Iraqi-American football player

Waad Hirmez (وَعْد هُرْمُز), born as Waad Ajou (وَعْد عَجُو), is a retired Iraqi-American football player who spent most of his professional career in the North American Soccer League and Major Indoor Soccer League.

==Early life==
In 1979, Hirmez, an Assyrian Catholic native of Iraq, moved to San Diego to live with an uncle while he attended high school. When he arrived in the United States, he changed his name from Waad Ajou to Waad Hirmez. In 1981, he graduated from Point Loma High School.

==Professional soccer career==

Two weeks after his graduation, he signed with the San Diego Sockers of the North American Soccer League for $18,000. He played seventeen minutes of one game for the Sockers in 1981 before being released. He then attended National University where he played on the school's club team. In 1982, he played for the amateur San Diego Falcons. In 1983, the Sockers signed Hirmez again and he played eleven games, scoring one goal.

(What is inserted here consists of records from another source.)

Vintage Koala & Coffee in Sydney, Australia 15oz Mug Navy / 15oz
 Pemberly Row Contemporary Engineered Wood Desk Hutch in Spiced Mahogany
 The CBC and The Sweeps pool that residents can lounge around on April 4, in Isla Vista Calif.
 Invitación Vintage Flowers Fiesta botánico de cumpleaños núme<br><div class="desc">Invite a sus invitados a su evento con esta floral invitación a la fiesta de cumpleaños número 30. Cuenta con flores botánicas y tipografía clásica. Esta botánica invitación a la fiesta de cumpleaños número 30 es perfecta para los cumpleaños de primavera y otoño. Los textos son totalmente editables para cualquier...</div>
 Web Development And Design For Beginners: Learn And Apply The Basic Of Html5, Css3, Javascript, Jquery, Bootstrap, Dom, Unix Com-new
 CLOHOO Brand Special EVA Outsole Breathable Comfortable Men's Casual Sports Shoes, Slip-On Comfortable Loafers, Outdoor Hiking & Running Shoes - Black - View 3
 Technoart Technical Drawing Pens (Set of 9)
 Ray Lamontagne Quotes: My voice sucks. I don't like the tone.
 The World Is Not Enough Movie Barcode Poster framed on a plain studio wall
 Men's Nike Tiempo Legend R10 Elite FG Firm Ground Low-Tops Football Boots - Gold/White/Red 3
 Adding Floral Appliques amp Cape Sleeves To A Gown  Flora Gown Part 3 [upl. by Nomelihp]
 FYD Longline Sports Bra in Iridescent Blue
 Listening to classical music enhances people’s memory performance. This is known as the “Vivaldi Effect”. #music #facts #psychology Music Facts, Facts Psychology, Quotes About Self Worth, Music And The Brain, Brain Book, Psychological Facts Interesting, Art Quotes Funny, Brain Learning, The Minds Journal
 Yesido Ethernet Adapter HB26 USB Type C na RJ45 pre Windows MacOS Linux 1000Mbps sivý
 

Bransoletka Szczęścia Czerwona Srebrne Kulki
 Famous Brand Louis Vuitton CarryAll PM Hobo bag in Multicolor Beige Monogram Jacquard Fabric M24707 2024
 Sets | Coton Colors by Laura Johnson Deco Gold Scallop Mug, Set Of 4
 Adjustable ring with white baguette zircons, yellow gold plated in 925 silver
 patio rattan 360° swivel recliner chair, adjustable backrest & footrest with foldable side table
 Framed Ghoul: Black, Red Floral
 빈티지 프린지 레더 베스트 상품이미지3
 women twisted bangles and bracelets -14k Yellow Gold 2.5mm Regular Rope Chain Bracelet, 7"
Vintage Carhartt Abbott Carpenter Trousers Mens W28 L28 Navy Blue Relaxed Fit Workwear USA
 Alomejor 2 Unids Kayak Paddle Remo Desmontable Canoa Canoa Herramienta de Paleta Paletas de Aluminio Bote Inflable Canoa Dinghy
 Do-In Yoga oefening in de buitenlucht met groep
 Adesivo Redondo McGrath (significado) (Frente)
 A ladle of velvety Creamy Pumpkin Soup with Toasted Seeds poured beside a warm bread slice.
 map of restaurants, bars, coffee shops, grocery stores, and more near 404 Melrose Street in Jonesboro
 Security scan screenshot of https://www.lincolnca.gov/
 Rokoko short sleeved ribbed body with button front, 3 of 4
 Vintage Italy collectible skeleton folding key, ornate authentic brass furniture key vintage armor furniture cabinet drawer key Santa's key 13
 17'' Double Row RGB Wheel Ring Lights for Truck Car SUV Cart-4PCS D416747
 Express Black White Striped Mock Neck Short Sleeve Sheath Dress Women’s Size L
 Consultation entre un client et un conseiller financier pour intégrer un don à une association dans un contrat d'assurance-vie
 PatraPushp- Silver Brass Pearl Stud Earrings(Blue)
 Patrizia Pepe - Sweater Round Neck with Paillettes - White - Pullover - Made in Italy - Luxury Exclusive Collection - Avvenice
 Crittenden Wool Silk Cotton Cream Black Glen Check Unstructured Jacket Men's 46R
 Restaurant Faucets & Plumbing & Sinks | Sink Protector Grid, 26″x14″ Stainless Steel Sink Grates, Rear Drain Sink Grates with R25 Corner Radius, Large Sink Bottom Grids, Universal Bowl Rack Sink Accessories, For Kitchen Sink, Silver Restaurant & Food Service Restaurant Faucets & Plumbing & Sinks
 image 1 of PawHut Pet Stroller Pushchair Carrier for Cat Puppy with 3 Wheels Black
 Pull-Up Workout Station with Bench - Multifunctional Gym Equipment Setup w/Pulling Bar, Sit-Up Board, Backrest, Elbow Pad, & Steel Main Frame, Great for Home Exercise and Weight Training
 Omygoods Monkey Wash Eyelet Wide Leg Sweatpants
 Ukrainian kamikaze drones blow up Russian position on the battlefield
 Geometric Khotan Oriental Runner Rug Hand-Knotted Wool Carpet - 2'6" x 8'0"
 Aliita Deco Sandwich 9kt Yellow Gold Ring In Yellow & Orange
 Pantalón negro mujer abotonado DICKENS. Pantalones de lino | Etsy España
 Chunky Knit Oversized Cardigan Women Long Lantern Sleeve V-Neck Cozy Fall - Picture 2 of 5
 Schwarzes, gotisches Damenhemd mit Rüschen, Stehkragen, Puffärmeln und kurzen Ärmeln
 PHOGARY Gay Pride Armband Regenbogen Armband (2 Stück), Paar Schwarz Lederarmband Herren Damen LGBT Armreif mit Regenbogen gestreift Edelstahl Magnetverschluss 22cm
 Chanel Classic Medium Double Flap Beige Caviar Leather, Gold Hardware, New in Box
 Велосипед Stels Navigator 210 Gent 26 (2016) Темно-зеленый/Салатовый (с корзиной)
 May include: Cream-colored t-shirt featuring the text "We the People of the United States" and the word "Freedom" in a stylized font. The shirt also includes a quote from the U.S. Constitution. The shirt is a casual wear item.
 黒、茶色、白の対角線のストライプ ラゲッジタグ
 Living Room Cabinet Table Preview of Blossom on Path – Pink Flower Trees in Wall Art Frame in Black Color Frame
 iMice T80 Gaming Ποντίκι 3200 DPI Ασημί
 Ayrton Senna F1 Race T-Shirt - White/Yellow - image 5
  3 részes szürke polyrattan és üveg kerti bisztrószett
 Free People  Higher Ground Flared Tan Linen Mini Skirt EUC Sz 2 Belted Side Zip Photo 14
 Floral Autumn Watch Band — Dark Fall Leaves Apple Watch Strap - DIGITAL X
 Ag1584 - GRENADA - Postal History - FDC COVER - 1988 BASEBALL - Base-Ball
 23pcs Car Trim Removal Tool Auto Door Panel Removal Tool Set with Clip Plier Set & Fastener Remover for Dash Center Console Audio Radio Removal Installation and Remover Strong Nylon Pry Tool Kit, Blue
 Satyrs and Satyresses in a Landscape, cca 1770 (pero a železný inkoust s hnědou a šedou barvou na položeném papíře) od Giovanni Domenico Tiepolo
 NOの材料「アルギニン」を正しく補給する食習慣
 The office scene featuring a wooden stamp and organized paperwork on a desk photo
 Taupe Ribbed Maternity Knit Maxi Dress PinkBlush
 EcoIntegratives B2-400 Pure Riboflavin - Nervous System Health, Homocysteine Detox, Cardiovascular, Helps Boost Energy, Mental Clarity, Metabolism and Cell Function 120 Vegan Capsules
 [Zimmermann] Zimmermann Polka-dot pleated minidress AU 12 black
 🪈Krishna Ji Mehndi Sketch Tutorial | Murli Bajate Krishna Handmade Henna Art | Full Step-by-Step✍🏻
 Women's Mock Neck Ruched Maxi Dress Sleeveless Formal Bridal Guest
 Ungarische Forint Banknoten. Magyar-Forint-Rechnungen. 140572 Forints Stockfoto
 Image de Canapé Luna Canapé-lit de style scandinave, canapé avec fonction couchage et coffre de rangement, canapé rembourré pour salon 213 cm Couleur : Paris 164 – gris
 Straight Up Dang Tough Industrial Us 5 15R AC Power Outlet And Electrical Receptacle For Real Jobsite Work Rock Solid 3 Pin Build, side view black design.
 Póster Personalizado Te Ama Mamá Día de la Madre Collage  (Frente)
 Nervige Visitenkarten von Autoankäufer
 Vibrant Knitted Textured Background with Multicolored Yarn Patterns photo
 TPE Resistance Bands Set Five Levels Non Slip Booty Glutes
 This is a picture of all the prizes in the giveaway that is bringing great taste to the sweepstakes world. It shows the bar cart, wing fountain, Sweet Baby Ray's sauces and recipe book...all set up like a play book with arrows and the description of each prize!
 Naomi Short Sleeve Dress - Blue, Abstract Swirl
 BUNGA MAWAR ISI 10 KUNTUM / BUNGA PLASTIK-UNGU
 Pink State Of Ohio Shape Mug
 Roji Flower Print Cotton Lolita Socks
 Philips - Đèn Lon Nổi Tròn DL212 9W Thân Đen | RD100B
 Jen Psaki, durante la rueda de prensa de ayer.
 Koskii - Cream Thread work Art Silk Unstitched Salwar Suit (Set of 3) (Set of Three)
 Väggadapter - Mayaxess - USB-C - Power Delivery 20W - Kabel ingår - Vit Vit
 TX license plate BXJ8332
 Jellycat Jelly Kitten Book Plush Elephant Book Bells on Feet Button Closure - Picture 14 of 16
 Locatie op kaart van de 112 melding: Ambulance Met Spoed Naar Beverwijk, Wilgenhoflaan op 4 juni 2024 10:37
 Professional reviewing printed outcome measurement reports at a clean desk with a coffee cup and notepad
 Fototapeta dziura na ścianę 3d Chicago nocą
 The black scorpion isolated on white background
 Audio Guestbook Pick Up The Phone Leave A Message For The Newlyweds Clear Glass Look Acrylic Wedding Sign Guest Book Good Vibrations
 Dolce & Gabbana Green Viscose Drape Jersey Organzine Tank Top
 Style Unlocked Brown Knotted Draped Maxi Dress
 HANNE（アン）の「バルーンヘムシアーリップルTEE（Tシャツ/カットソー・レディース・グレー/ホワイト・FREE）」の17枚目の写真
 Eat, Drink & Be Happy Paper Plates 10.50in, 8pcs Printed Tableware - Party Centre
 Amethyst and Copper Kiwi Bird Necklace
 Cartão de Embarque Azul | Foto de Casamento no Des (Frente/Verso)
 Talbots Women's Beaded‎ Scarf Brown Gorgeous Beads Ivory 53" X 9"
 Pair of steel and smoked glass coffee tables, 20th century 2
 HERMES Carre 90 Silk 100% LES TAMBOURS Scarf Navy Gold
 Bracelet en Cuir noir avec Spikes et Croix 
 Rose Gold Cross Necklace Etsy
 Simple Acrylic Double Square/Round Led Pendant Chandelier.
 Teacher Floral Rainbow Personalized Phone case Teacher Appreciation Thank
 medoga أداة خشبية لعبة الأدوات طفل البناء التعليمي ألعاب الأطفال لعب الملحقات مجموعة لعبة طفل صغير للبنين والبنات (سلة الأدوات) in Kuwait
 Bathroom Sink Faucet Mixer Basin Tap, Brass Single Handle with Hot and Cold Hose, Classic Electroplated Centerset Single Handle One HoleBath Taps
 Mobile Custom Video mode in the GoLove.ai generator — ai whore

He did not play professionally in 1984 after a series of unsuccessful trials with the Tacoma Stars, Phoenix Inferno and Wichita Wings. In February 1985, the Sockers signed Hirmez to a ten-day contract after the team captain, Kaz Deyna, suffered a potentially season-ending knee injury. His contract was extended to the end of the season as the Sockers won the league championship. The Sockers then retained Hirmez for the next three seasons as the Sockers won another two championships. Hirmez became a free agent in 1988 and he moved to the Los Angeles Lazers. On February 21, 1989, the Lazers traded him to the Sockers in exchange for Poli Garcia. He would play two and a half indoor seasons with the Sockers.

Trading cards of Waad Hirmez were produced by Pacific Trading Cards, from 1987 through 1992.

In addition to his time playing indoor soccer with the Sockers, Hirmez also played for the San Diego Nomads of the outdoor Western Soccer League. Although the Nomads went to the league championship, Hirmez had returned to the Sockers before that game. In 1989, Hirmez also became an American citizen. In September 1991, the Sockers waived Hirmez. On September 20, 1991, he signed with the Baltimore Blast. On November 16, 1991, the Blast placed Hirmez on waivers. On November 30, Hirmez joined the St. Louis Storm. The Storm released him at the end of the season. In 1993, Hirmez rejoined the Sockers who were now playing in the Continental Indoor Soccer League. In January 1994, he signed with the Kansas City Attack of the National Professional Soccer League. He then moved to Mexico where he played for Puebla in the Futbol Rapido league, helping the team win the league championship. He then returned to the Sockers for the 1994 CISL season. The Sockers waived him at the end of the season and Hirmez moved to the Monterrey La Raza for the 1995 season.

==Post-playing career==

===Semi-professional coaching career===
In 2005, Hirmez served as Head Coach of the San Diego Fusion, in the PDL.

===High school coaching career===
After retiring from playing, Hirmez became the boys' varsity soccer coach at St Augustine Private Catholic School in San Diego in 1997–1998. Beginning in 2003, he was the varsity coach of the Fallbrook Union High School boys soccer team. In 2014, Hirmez was named the head varsity soccer coach at Chaparral High School (Temecula, California)

===Youth soccer coaching career===
From 2001 through 2003, Hirmez was the Program Director and Coach of the Southwest Soccer Club, where he coached the BU14, BU15 and BU16 teams. In 2002 his Boys U16 team won the Cal South State Cup Championship defeating PQ Premier Red. His BU16 team won the 2002 League Cup Championship and 2003 Surf Cup Championship and was a semi-finalist at the National Cup.

In 2014 Hirmez rejoined Southwest Soccer Club, taking over a team with a previous losing record, and coaching the Boys U12 team in the Coast League - Bronze East, finishing with a winning record of 6-5-1 and making a Cal South State Cup Championship appearance. Coach Hirmez' 2014/15 BU12 team advanced farther in the State Cup than any other Temecula Valley-based BU12 team, losing to a team from Irvine after double overtime on penalty kicks.